The UN’s Mideast envoy, Nickolay Mladenov, said the United Nations was working with Egypt to restore calm and called on all sides to “de-escalate” and restore recent understandings.

“Those who seek to destroy them will bear responsibility for a conflict that will have grave consequences for all,” he said in a statement.

Palestinianss clash with Israeli troops during protests at the Israel-Gaza border, on May 3, 2019 (Hassan Jedi/Flash90)

Following heavy fighting in early April, Israel agreed to ease its blockade on Gaza in exchange for a halt to rocket fire. This included expanding a fishing zone off Gaza’s coast, increasing imports into Gaza and allowing the Gulf state of Qatar to deliver aid to cash-strapped Gaza.

That agreement appeared to be under stress in recent days, with Palestinians launching arson balloons and rockets into Israel and Israeli warplanes striking Hamas targets. Hamas has said the incendiary balloons were a message to Israel not to hold up the transfer of millions of dollars in Qatari aid funds to the cash-strapped Hamas government in Gaza.
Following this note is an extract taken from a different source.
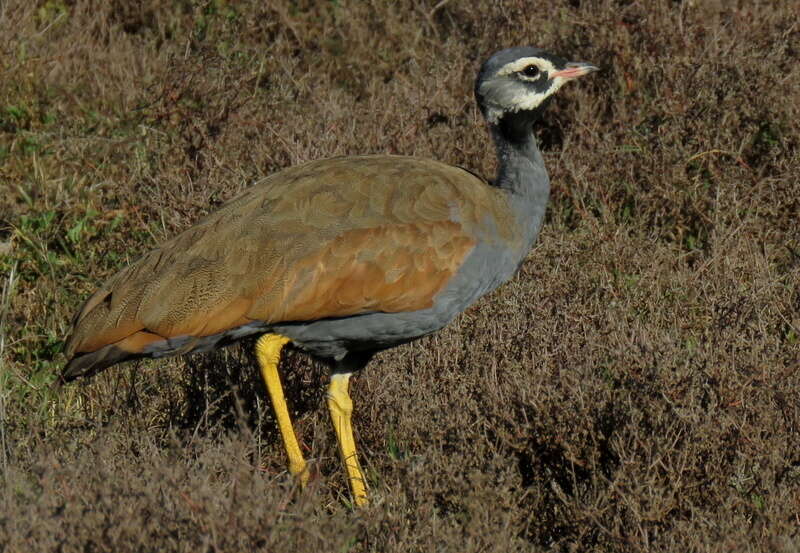 Image of Blue Bustard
Minister Tzachi Hanegbi blamed the delay on Qatar and the United Nations.

On Thursday, a Hamas delegation led by the group’s Gaza chief Yahya Sinwar traveled to Cairo for talks with Egyptian officials on a truce with Israel, Hamas officials said.

Israel and Egypt have maintained a crippling blockade on Gaza since Hamas, which seeks to destroy Israel, seized control of the territory in 2007. Jerusalem says it is necessary to prevent terror groups from rearming and becoming an even greater menace.

The sides are bitter enemies and have fought three wars along with numerous smaller flareups of violence.